→ ENTRIES SHOWN:
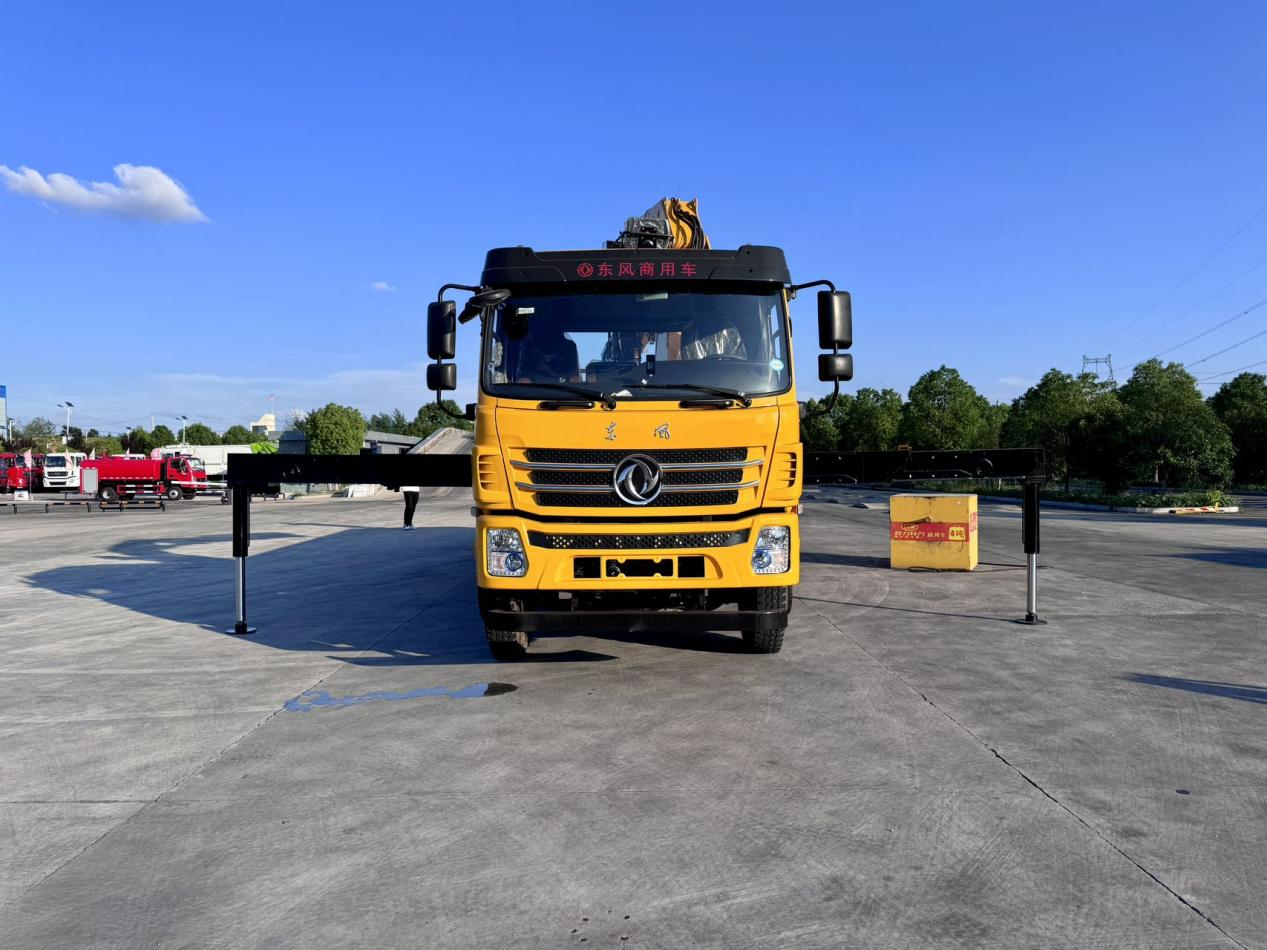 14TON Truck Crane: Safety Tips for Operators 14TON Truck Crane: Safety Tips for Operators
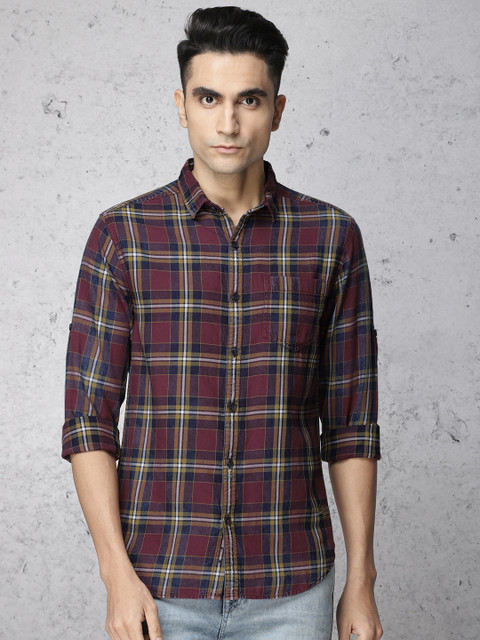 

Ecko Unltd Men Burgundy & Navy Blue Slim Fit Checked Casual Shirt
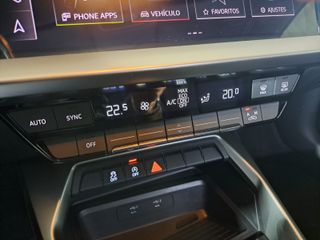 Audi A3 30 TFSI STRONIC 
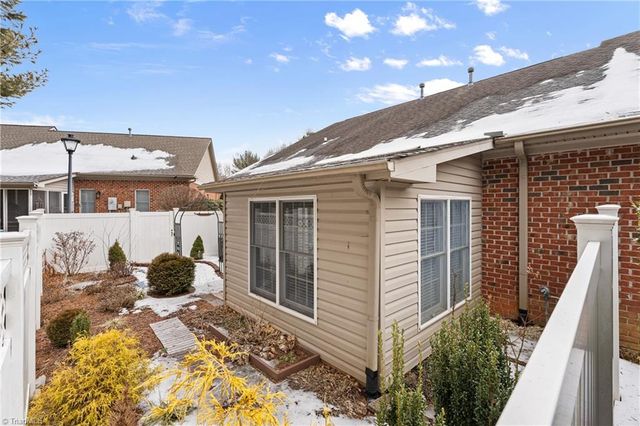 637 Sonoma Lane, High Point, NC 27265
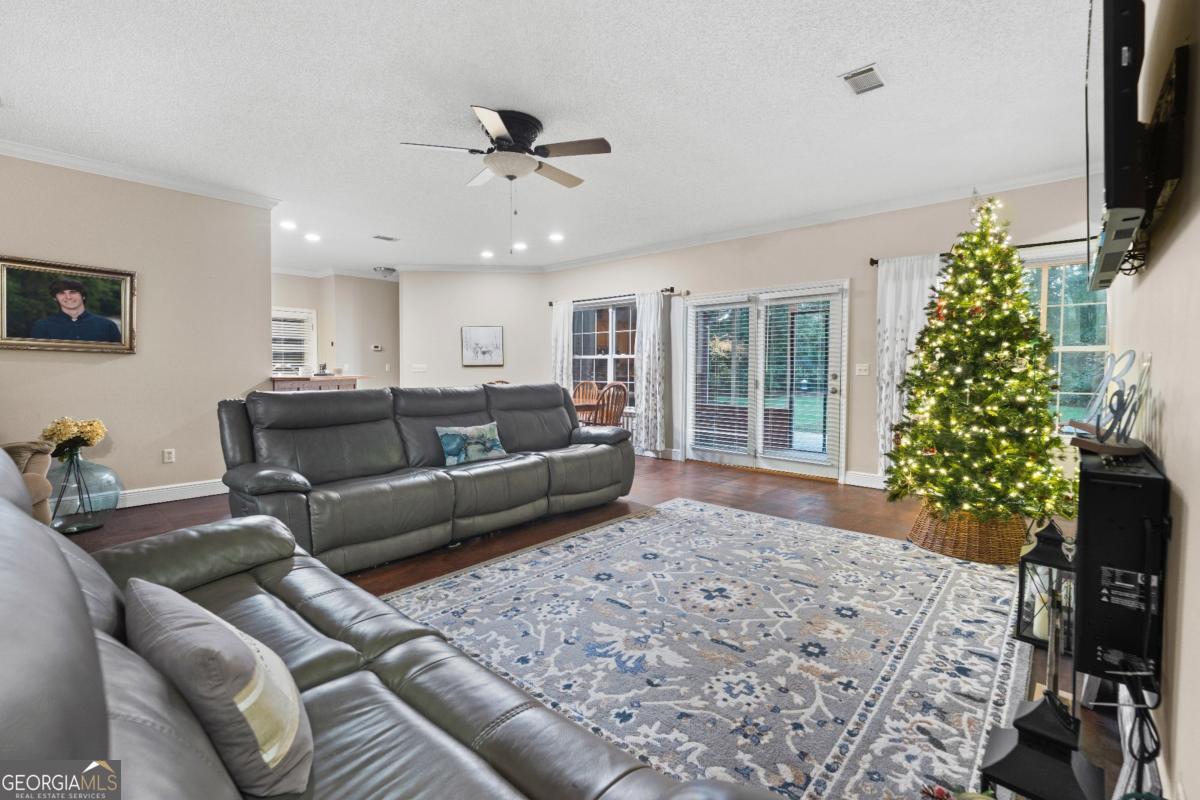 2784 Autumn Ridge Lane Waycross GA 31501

→ EXERCISE BRIEF:
Having located the line with "Ecko Unltd Men", transcribe exactly and only the lines from it to the final line of the material, skipping the pictures.

→ SOLUTION TO THIS TASK:
Ecko Unltd Men Burgundy & Navy Blue Slim Fit Checked Casual Shirt
 Audi A3 30 TFSI STRONIC 
 637 Sonoma Lane, High Point, NC 27265
 2784 Autumn Ridge Lane Waycross GA 31501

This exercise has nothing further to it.